The exhibition, which opens on Aug. 21, will begin with silent film and run through Gordon Parks and Melvin Van Peebles

Academy Museum - Black Cinema
Academy Museum of Motion Pictures

The Academy Museum of Motion Pictures on Wednesday detailed how its upcoming exhibit “Regeneration: Black Cinema 1898-1971” will explore Black filmmakers from Oscar Micheaux to Melvin Van Peebles.

The Museum shared details of the exhibit, which will open on Aug. 21 and run through April 9, 2023 in the Marilyn and Jeffrey Katzenberg Gallery. It is the second major temporary exhibit at the Academy Museum, after the current installation devoted to the work of Japanese animator Hayao Miyazaki.

In a press release, the Academy Museum described the exhibition this way:

“The exhibition explores the achievements and challenges of both independent production and the studio system, from cinema’s infancy in the 1890s through the height of the civil rights movement. ‘Regeneration’ features rarely seen excerpts of films restored by the Academy Film Archive, as well as other narrative films and documentaries; newsreels and home movies; photographs; scripts; drawings; costumes; equipment; posters; and historical materials, such as entrance tickets, note cards, and telegrams; along with augmented reality experiences (AR) designed specifically for the exhibition.”

The seven galleries will begin with clips from the 1898 “Something Good – Negro Kiss,” one of the earliest films showing onscreen affection from Black actors. It will then move to a study of “race films” from 1916 through the 1940s, and a look at segregated movie theaters; a gallery devoted to musicals, particularly ones with all-Black casts; a “Stars and Icons” gallery saluting Black performers from the 1920s through the 1950s; a section devoted to post-World War II “freedom movements”; and one exploring post-1960s Black filmmakers Madeline Anderson, Robert L. Goodwin, William Greaves, Gordon Parks and Melvin Van Peebles.

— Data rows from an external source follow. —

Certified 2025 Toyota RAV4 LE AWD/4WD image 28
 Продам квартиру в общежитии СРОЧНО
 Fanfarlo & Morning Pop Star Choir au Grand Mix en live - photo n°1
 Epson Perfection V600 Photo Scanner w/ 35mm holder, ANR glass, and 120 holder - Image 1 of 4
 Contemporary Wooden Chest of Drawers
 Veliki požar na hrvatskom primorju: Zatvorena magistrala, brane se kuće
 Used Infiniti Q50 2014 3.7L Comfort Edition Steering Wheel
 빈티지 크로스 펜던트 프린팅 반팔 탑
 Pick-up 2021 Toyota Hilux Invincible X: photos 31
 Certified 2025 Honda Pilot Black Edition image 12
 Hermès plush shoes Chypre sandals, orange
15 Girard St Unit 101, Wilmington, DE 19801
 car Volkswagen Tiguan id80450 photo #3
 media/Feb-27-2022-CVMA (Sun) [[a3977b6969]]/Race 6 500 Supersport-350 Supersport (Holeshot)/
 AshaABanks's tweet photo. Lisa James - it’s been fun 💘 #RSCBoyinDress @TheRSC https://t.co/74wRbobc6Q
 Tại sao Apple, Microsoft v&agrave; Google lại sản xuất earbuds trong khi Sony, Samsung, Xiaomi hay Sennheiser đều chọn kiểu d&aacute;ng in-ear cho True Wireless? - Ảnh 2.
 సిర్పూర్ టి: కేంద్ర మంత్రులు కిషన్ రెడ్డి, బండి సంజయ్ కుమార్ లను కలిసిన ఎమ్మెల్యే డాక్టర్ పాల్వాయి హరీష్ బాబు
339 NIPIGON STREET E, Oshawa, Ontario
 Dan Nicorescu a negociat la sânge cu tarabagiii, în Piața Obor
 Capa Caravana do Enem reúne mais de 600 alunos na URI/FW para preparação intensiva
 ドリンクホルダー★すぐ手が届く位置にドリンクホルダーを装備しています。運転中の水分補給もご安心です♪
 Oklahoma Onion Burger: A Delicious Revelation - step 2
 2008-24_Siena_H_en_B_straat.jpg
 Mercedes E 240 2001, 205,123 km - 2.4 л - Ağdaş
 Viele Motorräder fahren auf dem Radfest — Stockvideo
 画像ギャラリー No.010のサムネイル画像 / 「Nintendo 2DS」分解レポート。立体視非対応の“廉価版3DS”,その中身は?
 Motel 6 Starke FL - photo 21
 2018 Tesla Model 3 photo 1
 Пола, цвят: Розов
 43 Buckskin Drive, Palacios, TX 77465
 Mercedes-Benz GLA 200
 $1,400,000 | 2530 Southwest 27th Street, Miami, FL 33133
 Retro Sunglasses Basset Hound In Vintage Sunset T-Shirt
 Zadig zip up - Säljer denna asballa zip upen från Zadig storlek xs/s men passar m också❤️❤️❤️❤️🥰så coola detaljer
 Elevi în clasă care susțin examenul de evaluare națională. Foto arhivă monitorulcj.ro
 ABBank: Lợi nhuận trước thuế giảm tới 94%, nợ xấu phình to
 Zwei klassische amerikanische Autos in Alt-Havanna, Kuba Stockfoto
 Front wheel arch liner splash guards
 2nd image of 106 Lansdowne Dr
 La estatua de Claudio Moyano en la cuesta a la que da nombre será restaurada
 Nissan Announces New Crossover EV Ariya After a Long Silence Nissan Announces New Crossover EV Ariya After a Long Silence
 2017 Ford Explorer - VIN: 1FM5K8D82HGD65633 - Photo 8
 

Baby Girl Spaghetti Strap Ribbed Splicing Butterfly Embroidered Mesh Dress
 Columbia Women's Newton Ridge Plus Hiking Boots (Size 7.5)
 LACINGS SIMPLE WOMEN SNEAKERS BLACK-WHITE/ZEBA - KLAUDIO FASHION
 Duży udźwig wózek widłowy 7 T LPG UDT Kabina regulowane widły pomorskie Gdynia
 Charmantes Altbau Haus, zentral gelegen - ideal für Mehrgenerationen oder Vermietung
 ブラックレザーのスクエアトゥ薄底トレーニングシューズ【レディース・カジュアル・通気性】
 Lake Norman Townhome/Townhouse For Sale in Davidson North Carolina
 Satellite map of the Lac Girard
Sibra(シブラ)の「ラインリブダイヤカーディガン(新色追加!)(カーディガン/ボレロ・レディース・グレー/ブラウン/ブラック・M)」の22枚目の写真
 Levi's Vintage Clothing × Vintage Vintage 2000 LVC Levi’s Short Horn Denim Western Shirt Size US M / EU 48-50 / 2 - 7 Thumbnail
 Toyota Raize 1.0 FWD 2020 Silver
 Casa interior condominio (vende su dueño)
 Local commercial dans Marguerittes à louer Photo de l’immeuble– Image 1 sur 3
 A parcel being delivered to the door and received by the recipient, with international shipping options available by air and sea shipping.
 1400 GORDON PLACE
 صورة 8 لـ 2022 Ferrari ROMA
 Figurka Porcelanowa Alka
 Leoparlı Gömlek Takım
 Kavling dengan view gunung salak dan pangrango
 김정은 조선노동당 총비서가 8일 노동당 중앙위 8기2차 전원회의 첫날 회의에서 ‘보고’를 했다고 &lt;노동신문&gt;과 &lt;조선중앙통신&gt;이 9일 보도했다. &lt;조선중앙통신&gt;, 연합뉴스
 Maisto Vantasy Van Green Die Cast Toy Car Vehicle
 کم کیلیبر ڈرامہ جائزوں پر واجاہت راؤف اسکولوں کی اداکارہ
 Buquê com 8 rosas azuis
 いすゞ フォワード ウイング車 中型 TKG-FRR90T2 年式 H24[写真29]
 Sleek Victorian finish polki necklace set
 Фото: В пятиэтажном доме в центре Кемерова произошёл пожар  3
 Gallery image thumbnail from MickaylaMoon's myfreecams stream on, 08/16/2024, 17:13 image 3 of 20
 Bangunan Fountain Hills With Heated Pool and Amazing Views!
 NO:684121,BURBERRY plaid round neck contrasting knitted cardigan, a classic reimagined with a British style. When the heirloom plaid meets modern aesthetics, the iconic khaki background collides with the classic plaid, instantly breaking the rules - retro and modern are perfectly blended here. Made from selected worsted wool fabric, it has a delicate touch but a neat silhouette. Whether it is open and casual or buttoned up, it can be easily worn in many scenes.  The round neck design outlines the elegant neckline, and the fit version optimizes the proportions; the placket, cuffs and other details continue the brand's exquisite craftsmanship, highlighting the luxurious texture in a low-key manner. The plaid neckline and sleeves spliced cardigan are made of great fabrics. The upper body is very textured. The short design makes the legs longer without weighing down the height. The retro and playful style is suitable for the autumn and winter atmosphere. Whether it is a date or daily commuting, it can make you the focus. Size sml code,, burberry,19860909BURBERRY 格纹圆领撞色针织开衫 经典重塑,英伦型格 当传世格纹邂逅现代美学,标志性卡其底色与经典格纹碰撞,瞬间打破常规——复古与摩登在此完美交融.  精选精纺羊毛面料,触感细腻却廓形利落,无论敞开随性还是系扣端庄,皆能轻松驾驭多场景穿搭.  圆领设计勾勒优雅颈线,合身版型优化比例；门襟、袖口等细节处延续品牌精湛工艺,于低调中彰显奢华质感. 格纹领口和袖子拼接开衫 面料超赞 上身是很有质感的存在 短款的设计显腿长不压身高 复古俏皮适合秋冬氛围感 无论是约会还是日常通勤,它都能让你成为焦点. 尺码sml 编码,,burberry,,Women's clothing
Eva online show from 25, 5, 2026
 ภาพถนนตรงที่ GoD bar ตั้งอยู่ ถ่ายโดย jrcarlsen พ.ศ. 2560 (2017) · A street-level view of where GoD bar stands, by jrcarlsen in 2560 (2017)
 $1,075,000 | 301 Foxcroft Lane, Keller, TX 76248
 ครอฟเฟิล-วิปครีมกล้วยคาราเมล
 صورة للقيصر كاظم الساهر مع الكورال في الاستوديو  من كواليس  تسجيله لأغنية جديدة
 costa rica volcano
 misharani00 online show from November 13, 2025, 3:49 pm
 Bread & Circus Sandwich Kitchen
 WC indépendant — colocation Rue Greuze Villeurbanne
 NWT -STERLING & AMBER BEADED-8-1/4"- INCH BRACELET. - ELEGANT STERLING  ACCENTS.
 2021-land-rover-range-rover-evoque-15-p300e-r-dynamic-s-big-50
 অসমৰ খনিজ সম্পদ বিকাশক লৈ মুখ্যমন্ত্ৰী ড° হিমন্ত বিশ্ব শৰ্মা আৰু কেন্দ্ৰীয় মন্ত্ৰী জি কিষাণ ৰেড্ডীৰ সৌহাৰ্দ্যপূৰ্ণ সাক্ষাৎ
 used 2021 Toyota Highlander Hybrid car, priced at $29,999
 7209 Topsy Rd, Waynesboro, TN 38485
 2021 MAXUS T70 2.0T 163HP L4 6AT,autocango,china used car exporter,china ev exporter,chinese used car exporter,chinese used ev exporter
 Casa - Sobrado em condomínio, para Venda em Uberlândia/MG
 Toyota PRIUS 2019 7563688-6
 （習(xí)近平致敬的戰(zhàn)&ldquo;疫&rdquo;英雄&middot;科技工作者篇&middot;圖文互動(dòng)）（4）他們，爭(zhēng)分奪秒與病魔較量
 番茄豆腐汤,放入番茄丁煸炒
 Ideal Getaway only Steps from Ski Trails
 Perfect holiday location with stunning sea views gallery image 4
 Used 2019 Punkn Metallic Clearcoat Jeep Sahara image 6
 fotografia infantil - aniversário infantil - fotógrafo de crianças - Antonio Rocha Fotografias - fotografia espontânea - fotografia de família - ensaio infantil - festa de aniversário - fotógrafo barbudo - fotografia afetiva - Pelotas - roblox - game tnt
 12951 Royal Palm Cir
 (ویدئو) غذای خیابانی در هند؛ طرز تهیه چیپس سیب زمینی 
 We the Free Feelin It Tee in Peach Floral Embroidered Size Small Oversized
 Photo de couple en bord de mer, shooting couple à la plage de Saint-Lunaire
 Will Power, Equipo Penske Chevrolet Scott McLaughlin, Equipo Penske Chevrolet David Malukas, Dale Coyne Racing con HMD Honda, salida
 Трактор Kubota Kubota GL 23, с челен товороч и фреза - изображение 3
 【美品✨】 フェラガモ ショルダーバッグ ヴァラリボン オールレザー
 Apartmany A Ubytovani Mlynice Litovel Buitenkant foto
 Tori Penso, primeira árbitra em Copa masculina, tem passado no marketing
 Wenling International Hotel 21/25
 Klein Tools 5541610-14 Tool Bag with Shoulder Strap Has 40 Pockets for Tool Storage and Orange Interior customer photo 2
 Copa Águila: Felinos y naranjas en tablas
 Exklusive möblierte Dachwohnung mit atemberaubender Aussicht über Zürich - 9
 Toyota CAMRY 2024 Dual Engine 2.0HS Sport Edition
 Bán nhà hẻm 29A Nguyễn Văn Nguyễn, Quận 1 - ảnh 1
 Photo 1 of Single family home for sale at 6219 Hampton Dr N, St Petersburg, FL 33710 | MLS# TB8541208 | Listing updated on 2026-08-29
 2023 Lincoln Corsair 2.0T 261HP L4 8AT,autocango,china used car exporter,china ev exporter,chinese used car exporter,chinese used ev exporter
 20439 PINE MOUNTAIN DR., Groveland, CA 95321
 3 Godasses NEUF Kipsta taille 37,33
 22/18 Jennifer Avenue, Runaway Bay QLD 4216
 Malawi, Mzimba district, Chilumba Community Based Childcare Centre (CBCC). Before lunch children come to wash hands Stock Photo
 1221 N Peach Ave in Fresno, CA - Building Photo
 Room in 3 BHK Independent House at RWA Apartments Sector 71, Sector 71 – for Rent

The exhibition was curated by Doris Berger and Rhea Combs in collaboration with directors Charles Burnett and Ava DuVernay, among others.

Details from photo at top: Film still from William Selig’s “Something Good – Negro Kiss” (1898), with Saint Suttle and Gertie Brown. Courtesy of USC HMH Foundation Moving Image Archive; The Nicholas Brothers in a scene from “Stormy Weather” (1943), from left, Fayard Nicholas and Harold Nicholas. Photographic print, gelatin silver. Courtesy Margaret Herrick Library, © Twentieth Century Fox; Portrait of Josephine Baker. Photo by adoc–photos/Corbis via Getty Images; “Carmen Jones” costume design (Carmen, Change #1), Costume design: Mary Ann Nyberg, c. 1954, courtesy Cinémathèque Française; Photo of Melvin Van Peebles, 1971. Photo by Pix/Michael Ochs Archives/Getty Images.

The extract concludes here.